AIM OF THE TASK. For the data that follows, print the line with "DOSS SoundBox XL", the line with "Aashna Navy Blue", and all lines between them, exactly as they stand. Omit pictures and add nothing.

Pictures with short captions
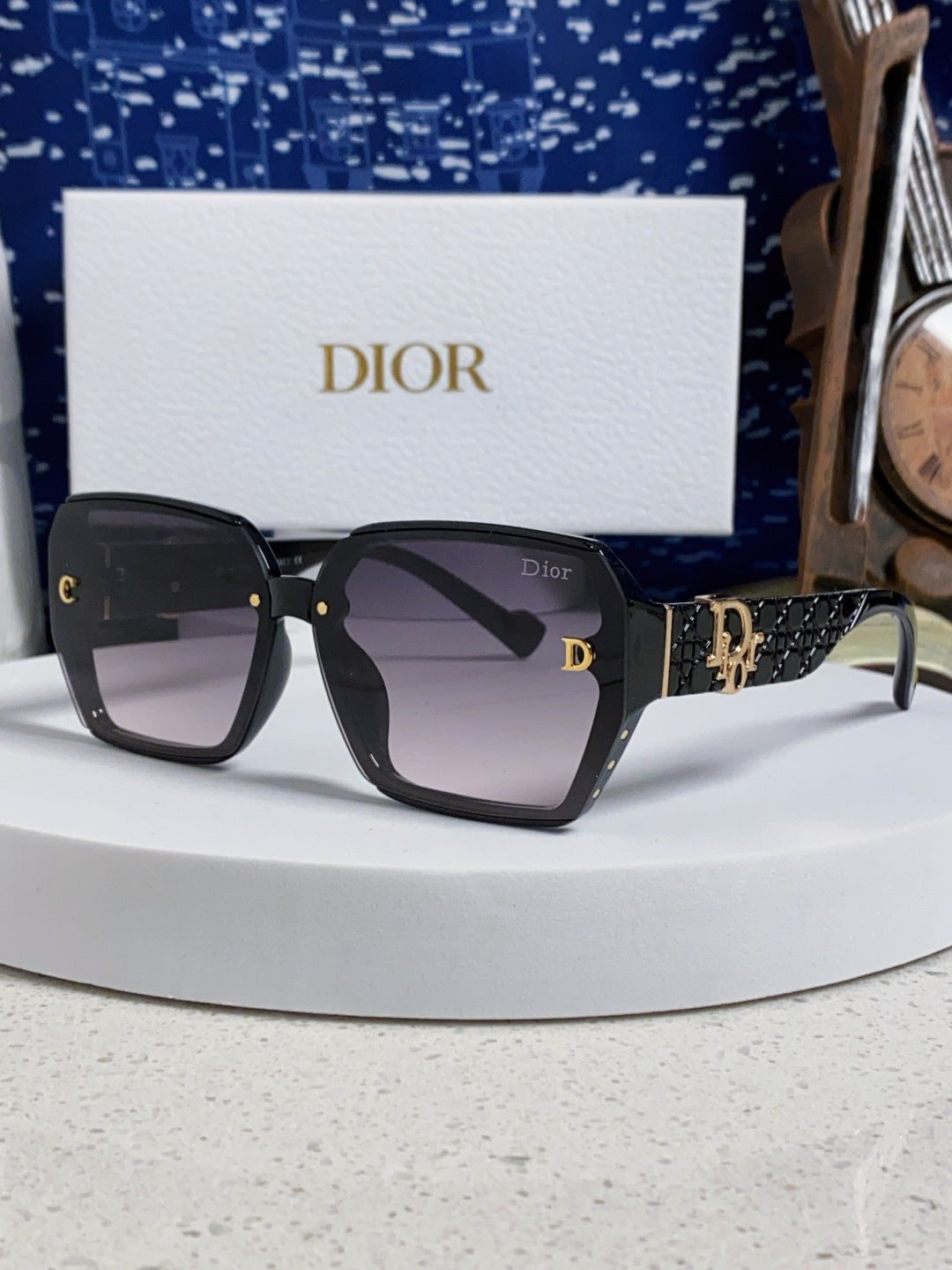Dior Metal Square Silver Lens Sunglasses for Women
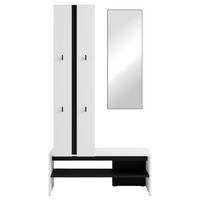 GARDEROBE  in 100/186/40 cm  - Schwarz/Weiß, Design, Holzwerkstoff (100/186/40cm) - MID.YOU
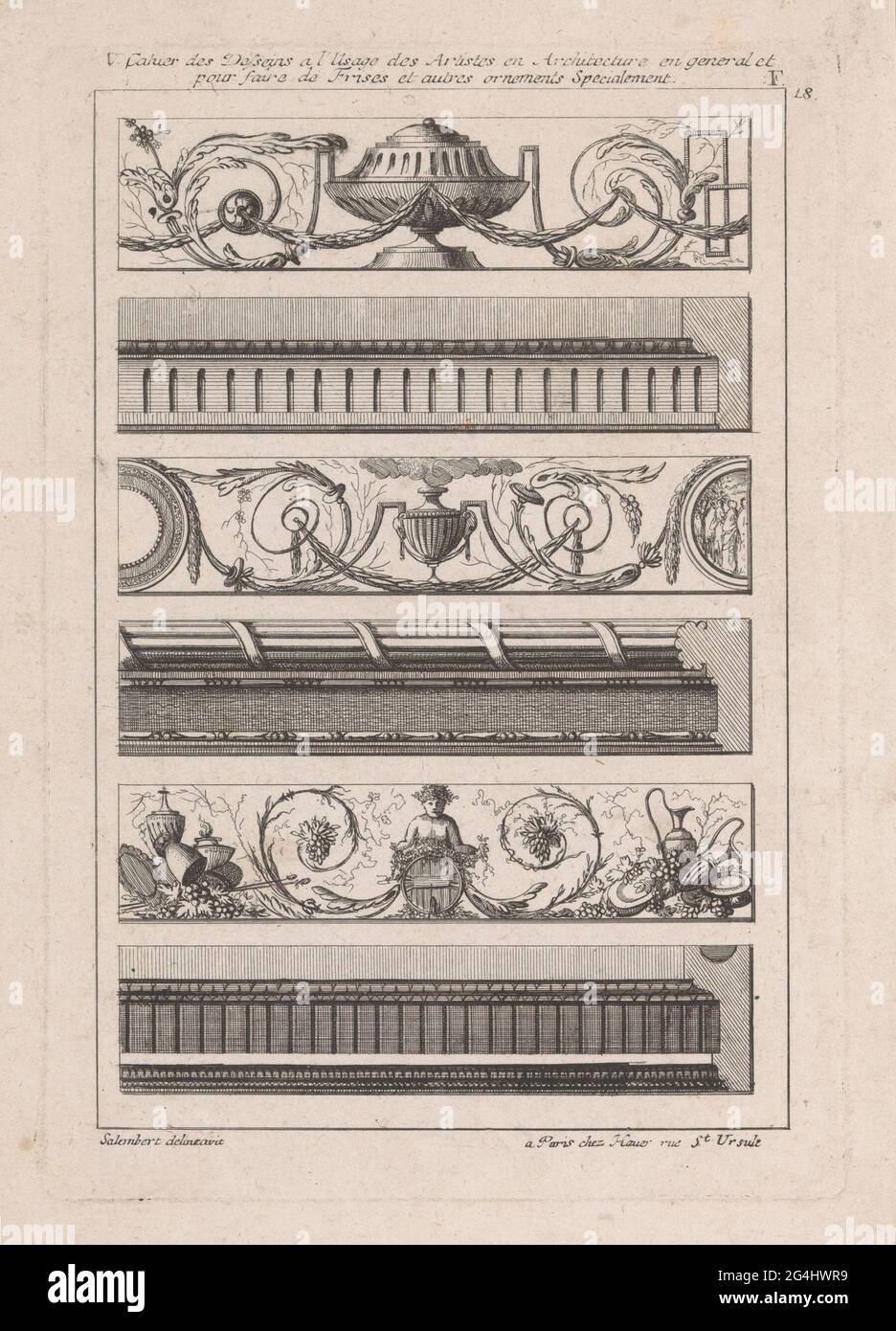 Friss con vasi e treccia; V Cahier des DESSEINS A l'Usage des Artists and Architecture and General et pour fair la specialità Frises et Autres Ornementes; Dessoints de la fashion Neuve au Gout Antique (...). Sei frisi con treccia, vasi, una lista di uova e bacco con tonnellate e viti. Foto Stock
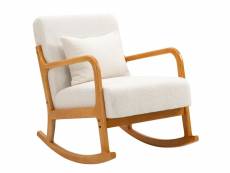 Nordlys - rocking chair chaise a bascule scandinave tissu hevea blanc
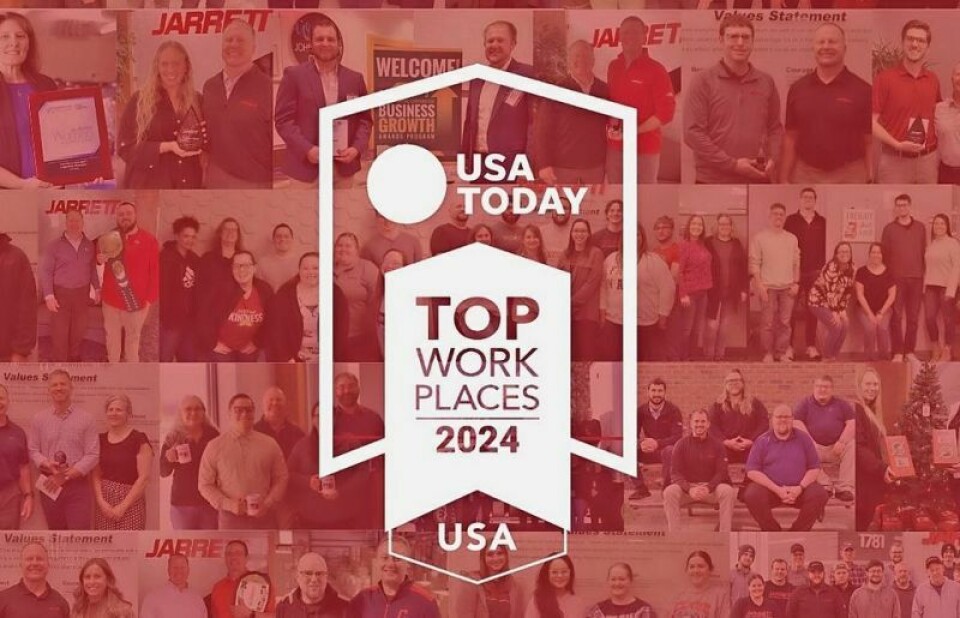 Jarrett, a provider of logistics, transportation, warehousing, international and fleet services based in Orrville, has been named a USA TODAY Top Workplaces USA Award winner. Jarrett recognized as Top Workplace in nation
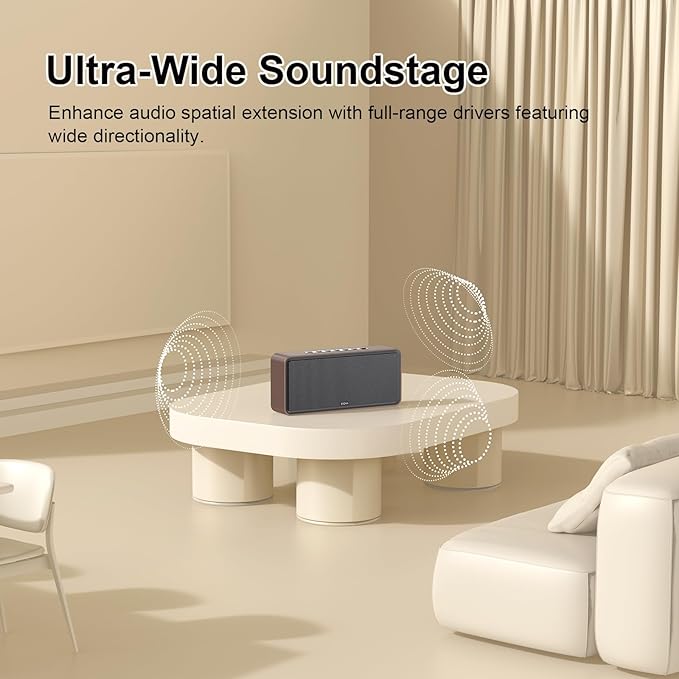 DOSS SoundBox XL Bluetooth Speaker with Subwoofer, Booming Bass, Dual DSP Technologies, TWS, 2.1 Audio Channel for Home, Indoor, Office and Entertainment - Gold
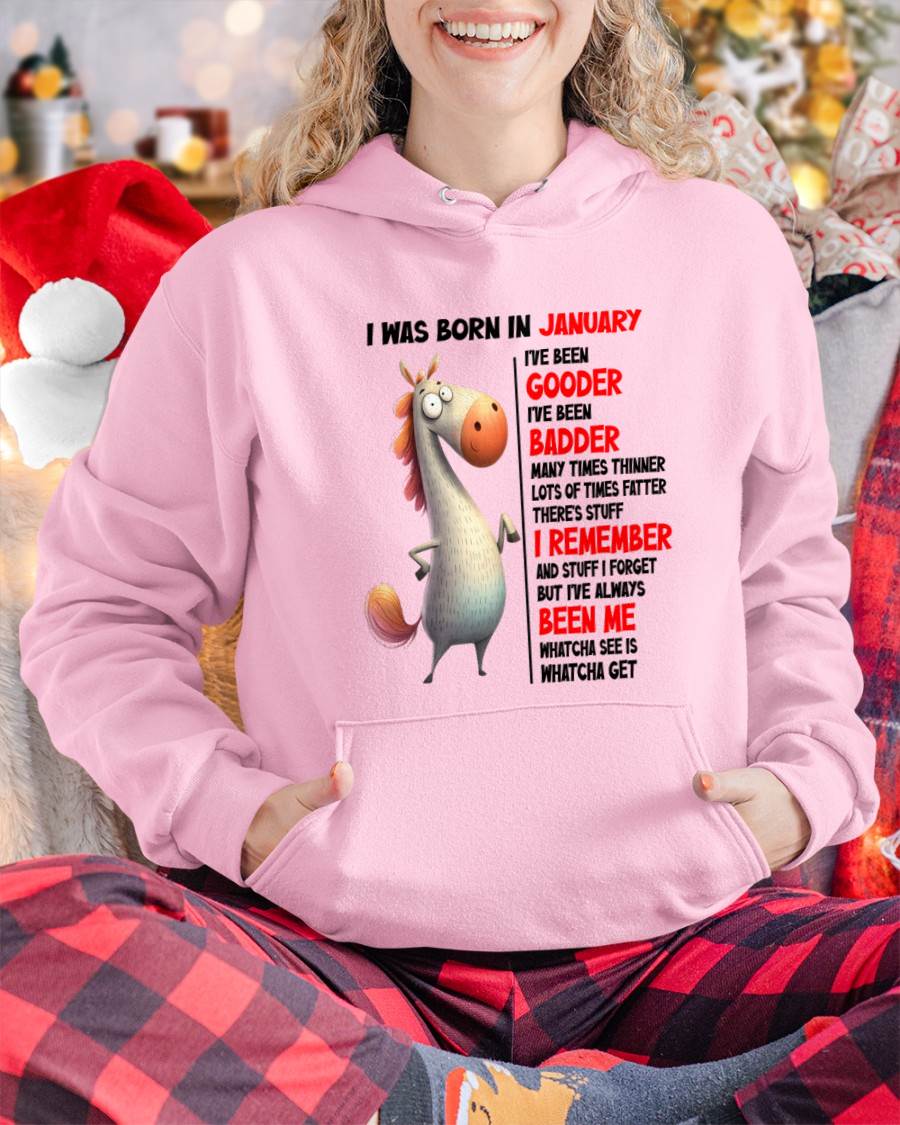 BORN IN JANUARY FUNNY SHIRT – GOODER BADDER HUMOR BIRTHDAY TEE - FOR WOMEN - TLEE01 (SKU2603-270-01)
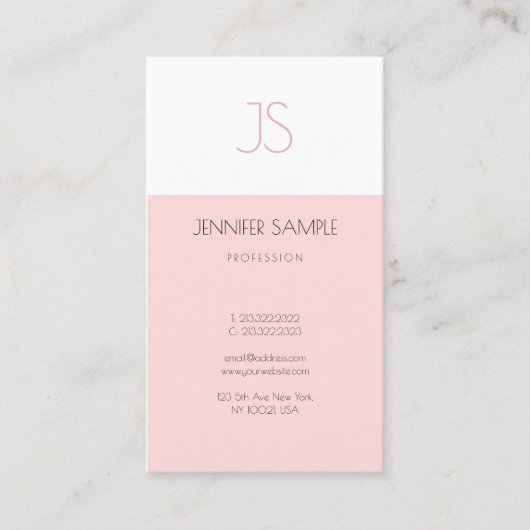 Trendy Creative Monogram Sleek Graphic Design Pink Visitenkarte (Vorderseite)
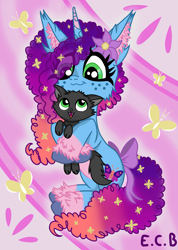 Size: 2629x3694 | Tagged: safe, artist:estrellasombria, imported from derpibooru, butterfly, cat, pony, unicorn, :3, abstract background, black cat, bow, cheek fluff, cuddling, duo, ear fluff, female, flower, flower in hair, g5, holding a cat, horn, hug, leg fluff, mare, misty brightdawn, rebirth misty, tail, tail bow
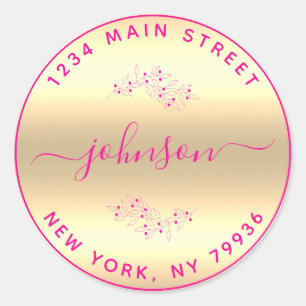 Sticker Rond Créez votre propre adresse de retour ronde rose or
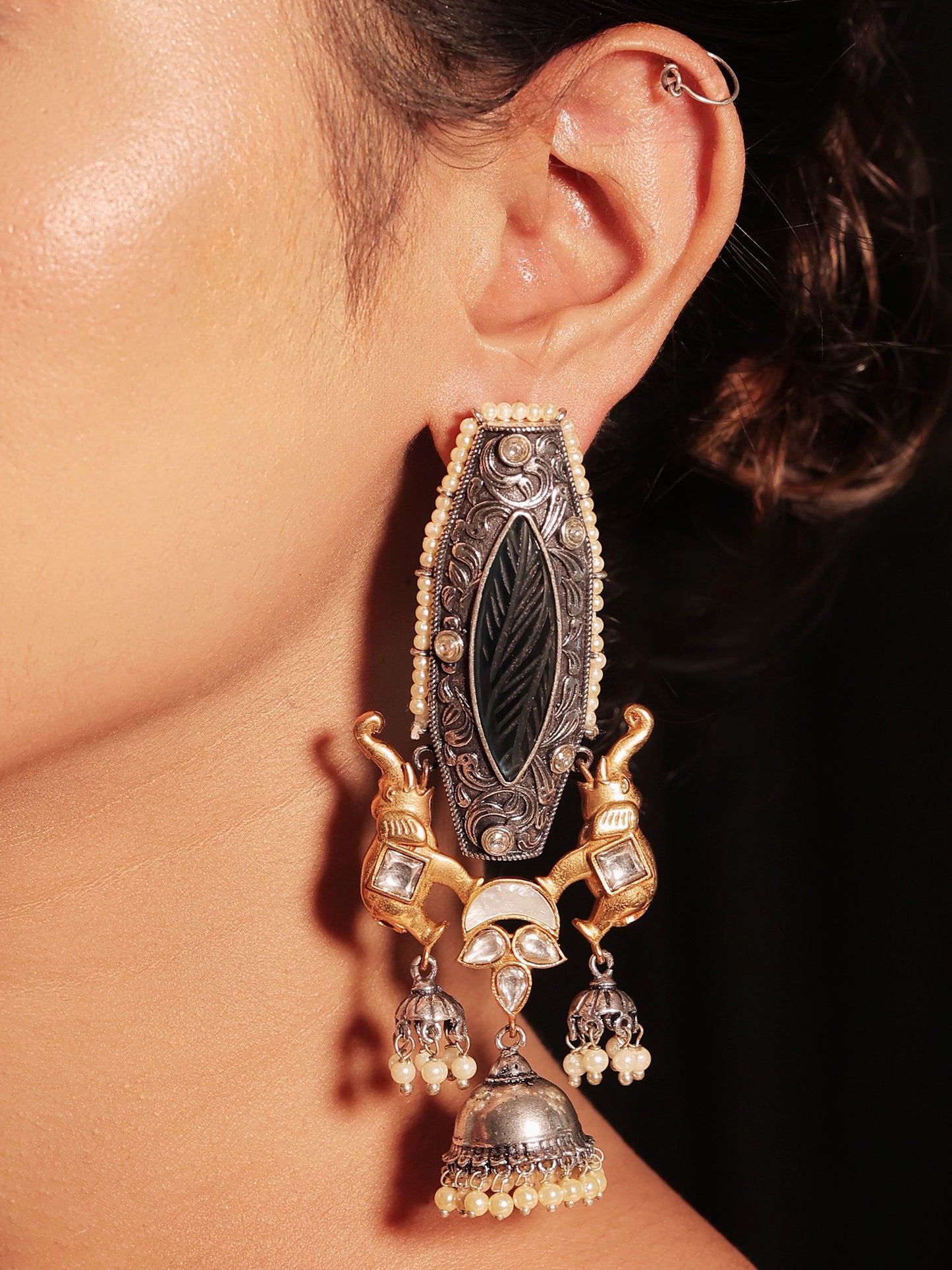 Aashna Navy Blue Two Tone Polish Boutique Earrings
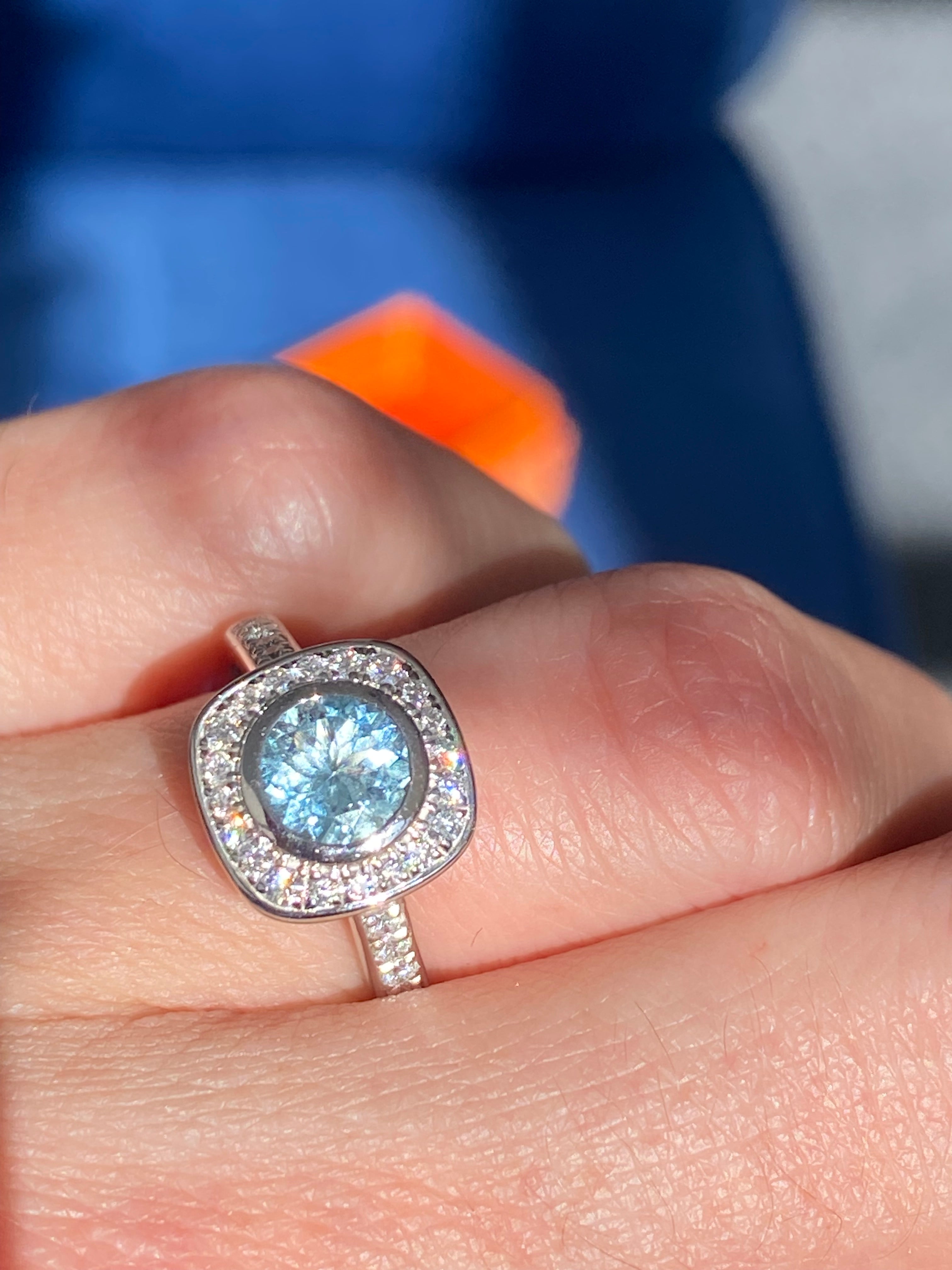 1.11 CTW Aquamarine and Natural Diamond Ring in Platinum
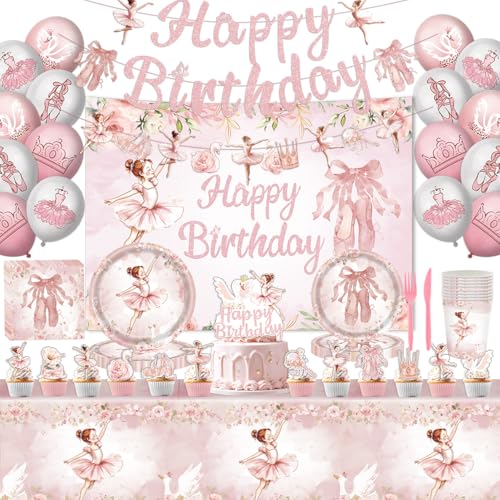 104Pcs Ballerina Birthday Party Decorations Include Banner-Backdrop-Balloons-Cake Topper-Cupcake Toppers-Tableware-Plates-Napkins-Cups-Cutlery-Tablecloth for Ballet Birthday Party Decorations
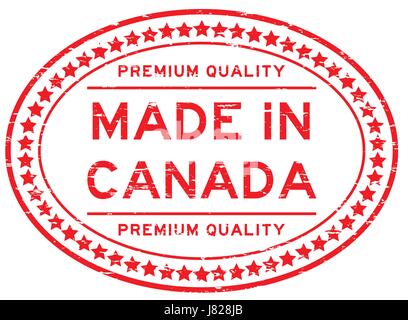 Grunge rote Premium-Qualität made in Canada ovalen Siegelstempel auf weißem Hintergrund Stock Vektor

EXERCISE OUTPUT.
 DOSS SoundBox XL Bluetooth Speaker with Subwoofer, Booming Bass, Dual DSP Technologies, TWS, 2.1 Audio Channel for Home, Indoor, Office and Entertainment - Gold
 BORN IN JANUARY FUNNY SHIRT – GOODER BADDER HUMOR BIRTHDAY TEE - FOR WOMEN - TLEE01 (SKU2603-270-01)
 Trendy Creative Monogram Sleek Graphic Design Pink Visitenkarte (Vorderseite)
 Size: 2629x3694 | Tagged: safe, artist:estrellasombria, imported from derpibooru, butterfly, cat, pony, unicorn, :3, abstract background, black cat, bow, cheek fluff, cuddling, duo, ear fluff, female, flower, flower in hair, g5, holding a cat, horn, hug, leg fluff, mare, misty brightdawn, rebirth misty, tail, tail bow
 Sticker Rond Créez votre propre adresse de retour ronde rose or
 Aashna Navy Blue Two Tone Polish Boutique Earrings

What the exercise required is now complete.